• [RECORDS PROVIDED]
----------

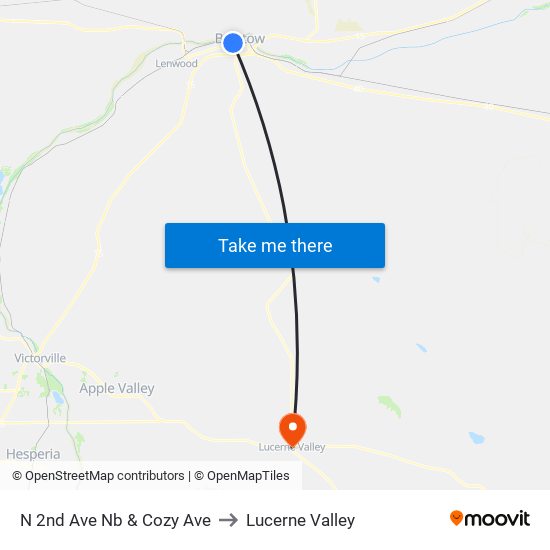 N 2nd Ave Nb & Cozy Ave to Lucerne Valley map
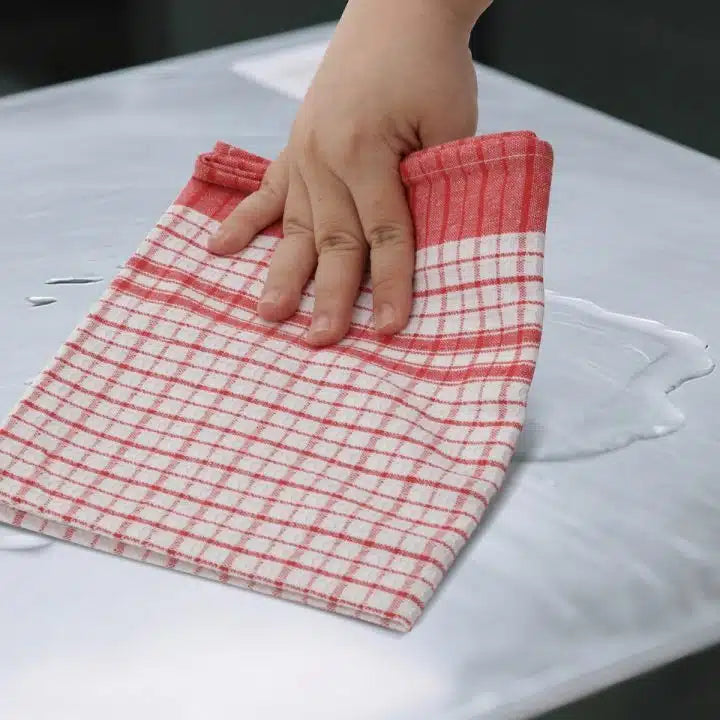 KH Megachef Supa Soak Chequered Kitchen Cloth 460 × 760mm 100% Cotton Red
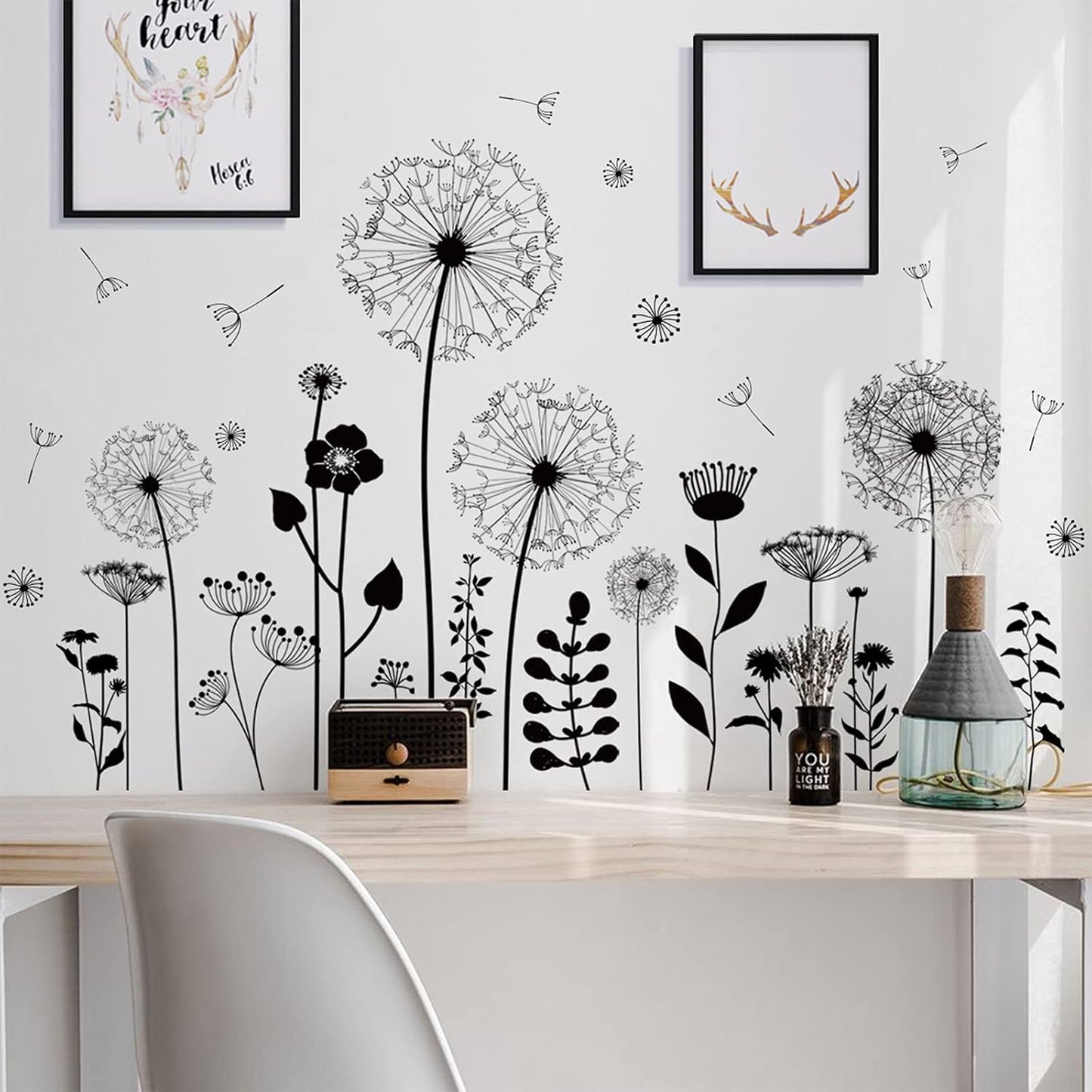 Large Dandelion Wall Stickers, Attractive Flying Flowers Wall Decals, Removable Plants Wall Décor, DIY Art Mural Vinyl for Bedroom Living Room Sofa Backdrop Classroom Decoration (Black)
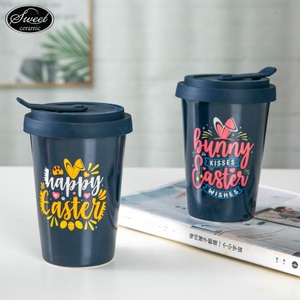 Manufacturer Reusable <strong>Easter</strong> Valentine's Day 14 oz White Ceramic Cup Wholesale Custom Logo Ceramic Travel Coffee <strong>Mug</strong> With Lid - Product Image 6
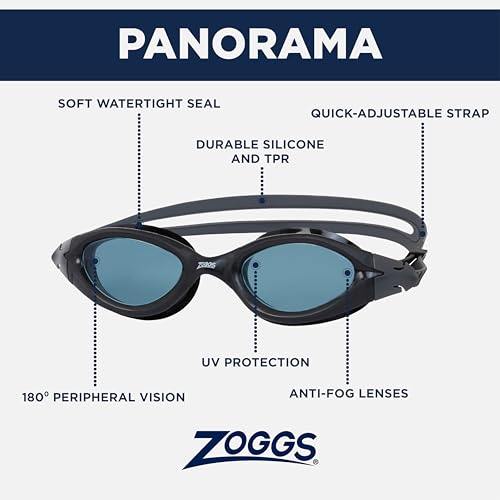 Zoggs Panorama Adult Swimming Goggles (Smoke Lens, Black) for Men and Women, Soft Anti-Leak Seal, Anti-Fog, UV Protection, Quick Adjust Strap, 180 Degree Clear Vision Swim Goggles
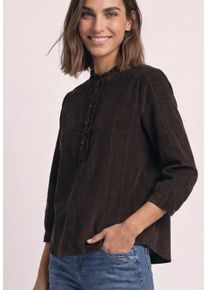 R&uuml;schenbluse Street One, Damen, Gr. 42, schwarz coffee, Web, Obermaterial: 100% Baumwolle, Strukturmuster, h&uuml;ftlang, Rundhals, 1-Knopf-Manschette, Blusen R&uuml;schenbluse, Rundhalsausschnitt mit dekorativer Knopfleiste und R&uuml;schen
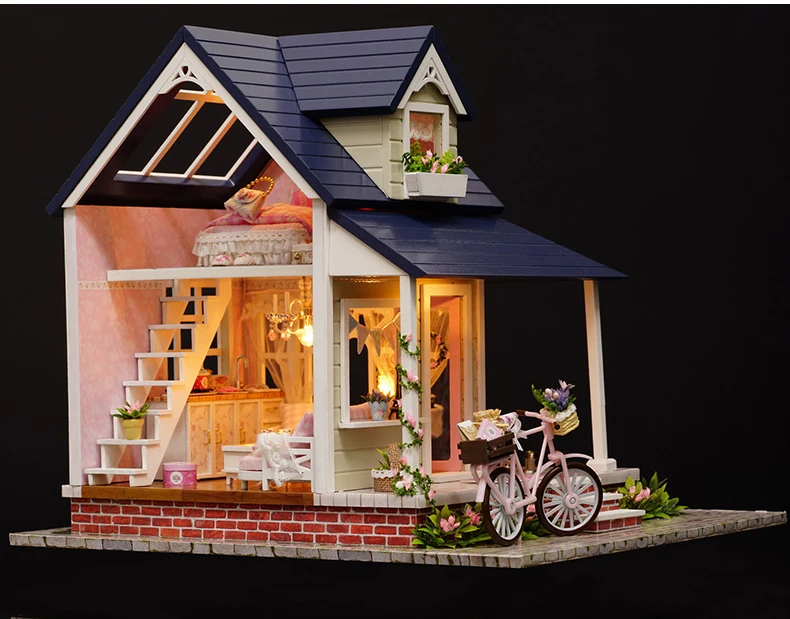Симпатичный номер DIY Кукольный дом игрушка деревянная игрушка Miniatura Кукольные домики миниатюрный кукольный домик Игрушечные лошадки собрать DIY детей подарок на день рождения
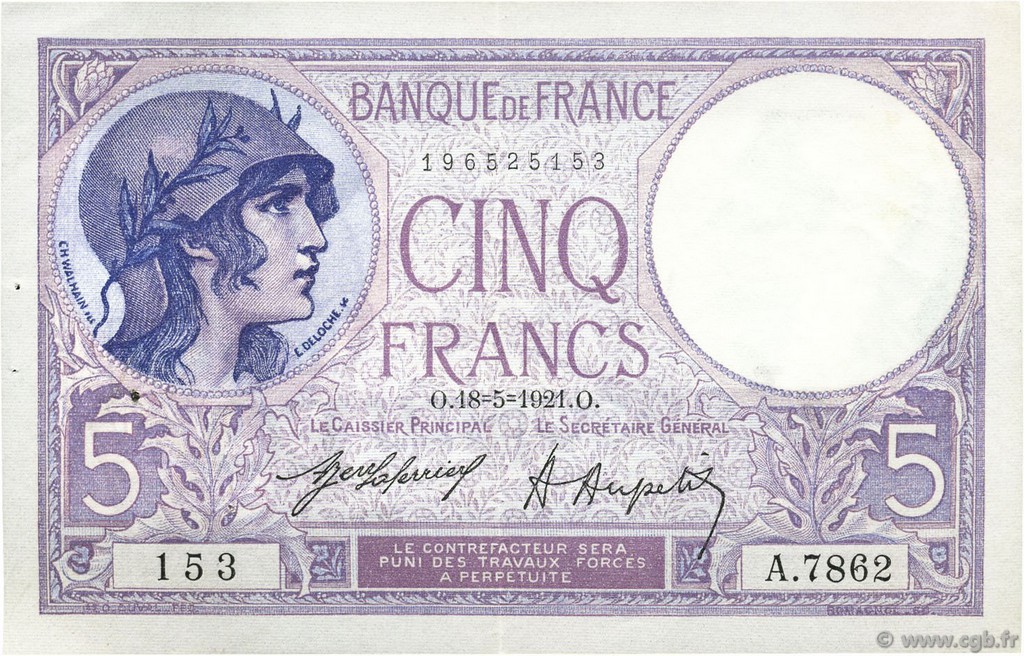 5 Francs FEMME CASQUÉE FRANCE  1921 F.03.05 VF+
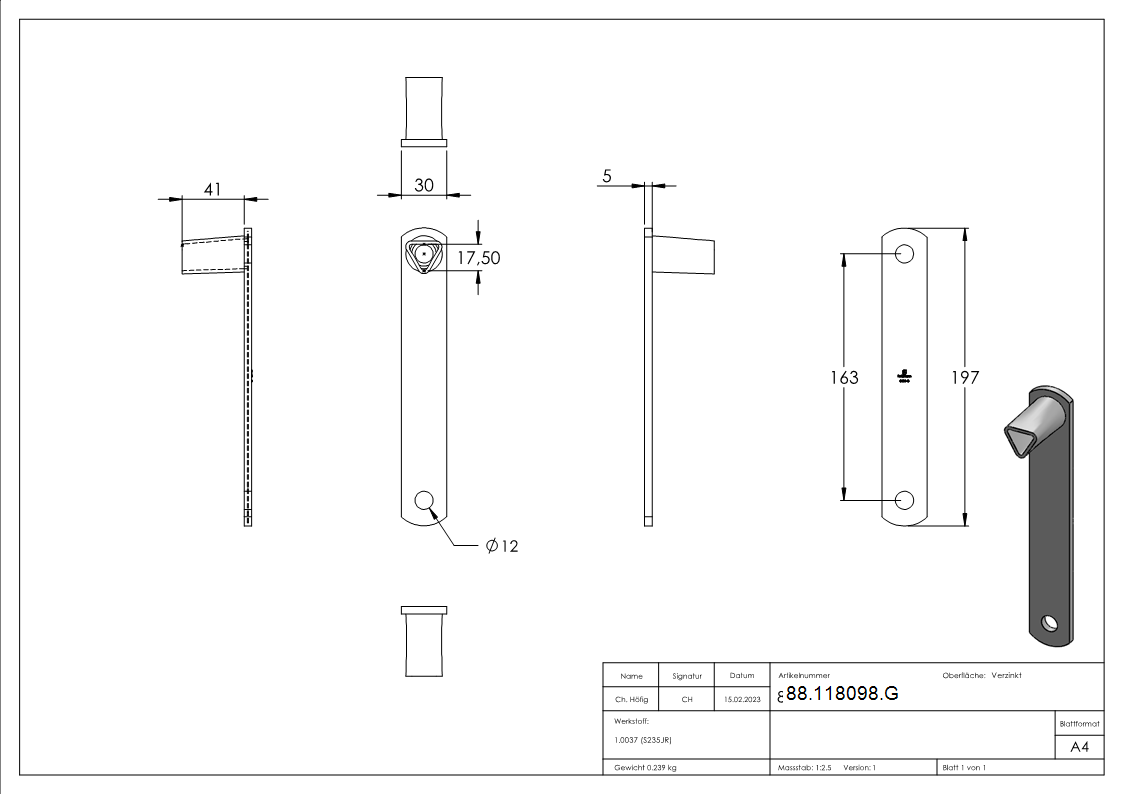 Dreikantschluessel Edelstahl 17 mm gerade-88-118098.G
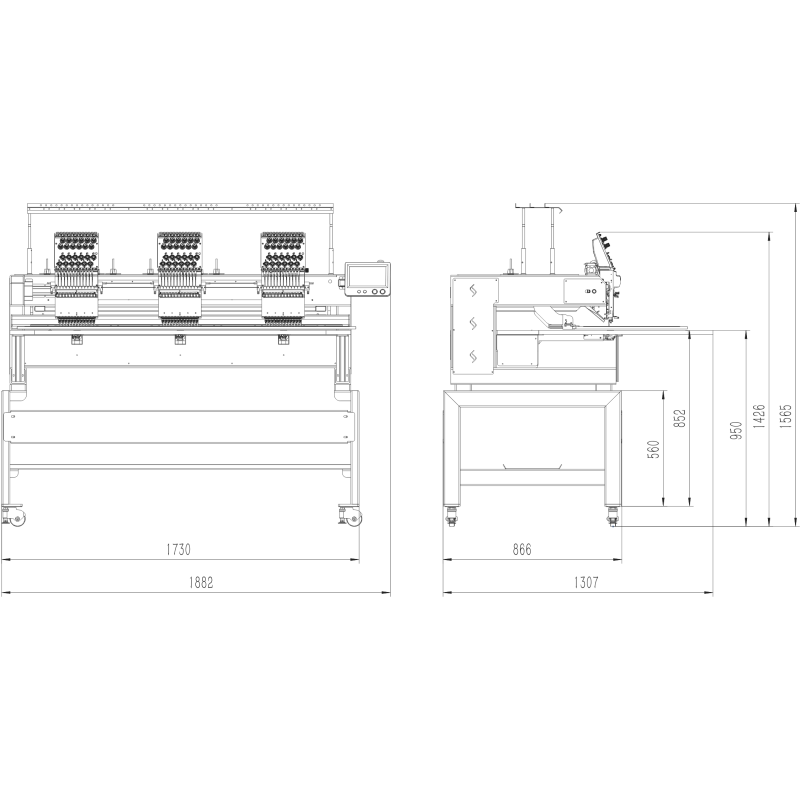 Wonyo High-Speed 3-Head Computerized 3D Embroidery Machine for Cap and T-Shirt, Flat Things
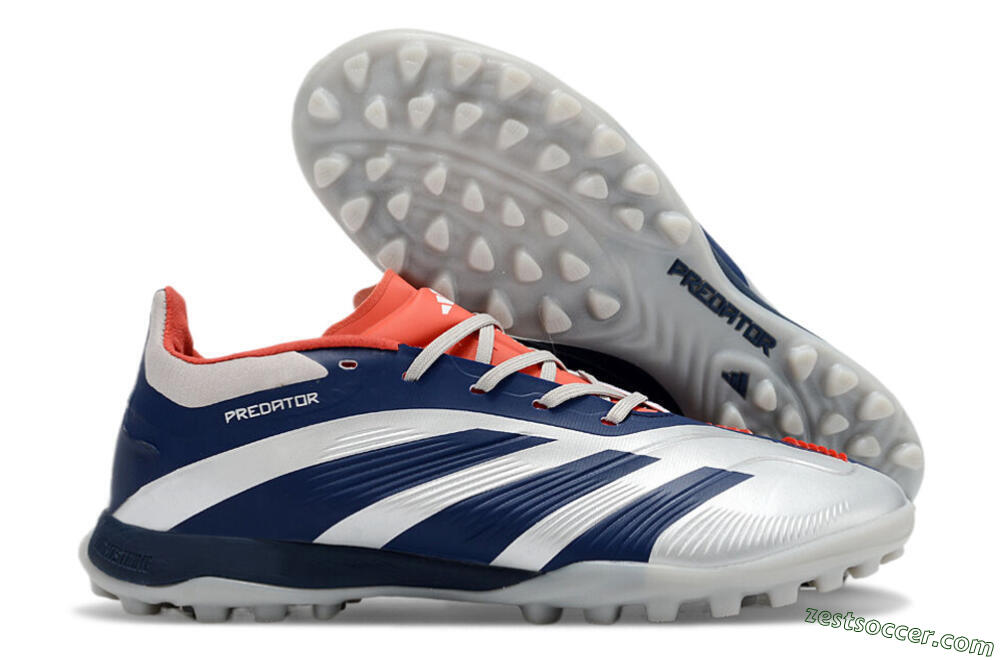 Adidas Predator 24 Elite TF Low-Tops Soccer Shoes - Silver/Blue/Red 0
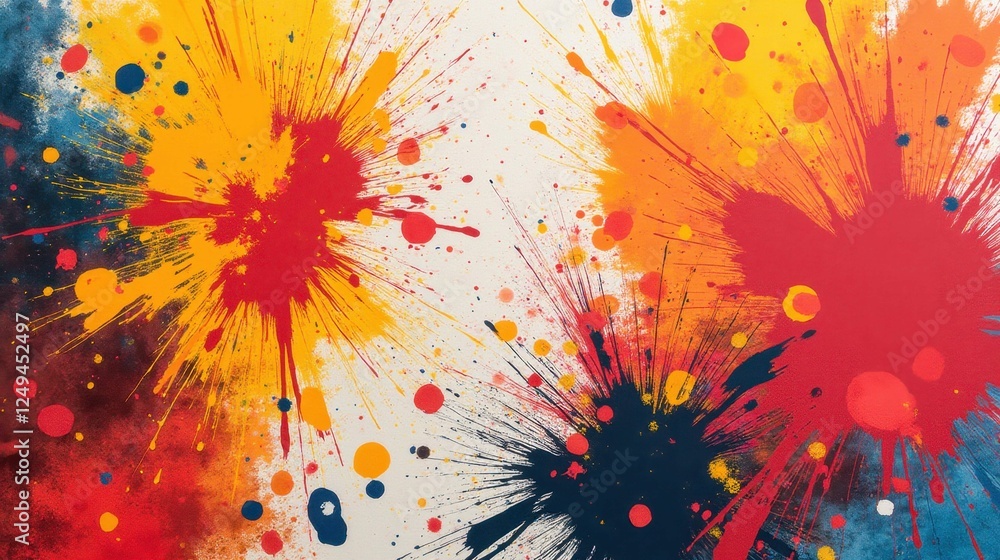Poster vibrant color splashes with dynamic patterns and artistic expression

----------

• [WHAT YOU HAVE TO DO] After removing each picture, print the entries above exactly as they were.

• [TASK SOLUTION]
 N 2nd Ave Nb & Cozy Ave to Lucerne Valley map
 KH Megachef Supa Soak Chequered Kitchen Cloth 460 × 760mm 100% Cotton Red
 Large Dandelion Wall Stickers, Attractive Flying Flowers Wall Decals, Removable Plants Wall Décor, DIY Art Mural Vinyl for Bedroom Living Room Sofa Backdrop Classroom Decoration (Black)
 Manufacturer Reusable <strong>Easter</strong> Valentine's Day 14 oz White Ceramic Cup Wholesale Custom Logo Ceramic Travel Coffee <strong>Mug</strong> With Lid - Product Image 6
 Zoggs Panorama Adult Swimming Goggles (Smoke Lens, Black) for Men and Women, Soft Anti-Leak Seal, Anti-Fog, UV Protection, Quick Adjust Strap, 180 Degree Clear Vision Swim Goggles
 R&uuml;schenbluse Street One, Damen, Gr. 42, schwarz coffee, Web, Obermaterial: 100% Baumwolle, Strukturmuster, h&uuml;ftlang, Rundhals, 1-Knopf-Manschette, Blusen R&uuml;schenbluse, Rundhalsausschnitt mit dekorativer Knopfleiste und R&uuml;schen
Симпатичный номер DIY Кукольный дом игрушка деревянная игрушка Miniatura Кукольные домики миниатюрный кукольный домик Игрушечные лошадки собрать DIY детей подарок на день рождения
 5 Francs FEMME CASQUÉE FRANCE  1921 F.03.05 VF+
 Dreikantschluessel Edelstahl 17 mm gerade-88-118098.G
 Wonyo High-Speed 3-Head Computerized 3D Embroidery Machine for Cap and T-Shirt, Flat Things
 Adidas Predator 24 Elite TF Low-Tops Soccer Shoes - Silver/Blue/Red 0
Poster vibrant color splashes with dynamic patterns and artistic expression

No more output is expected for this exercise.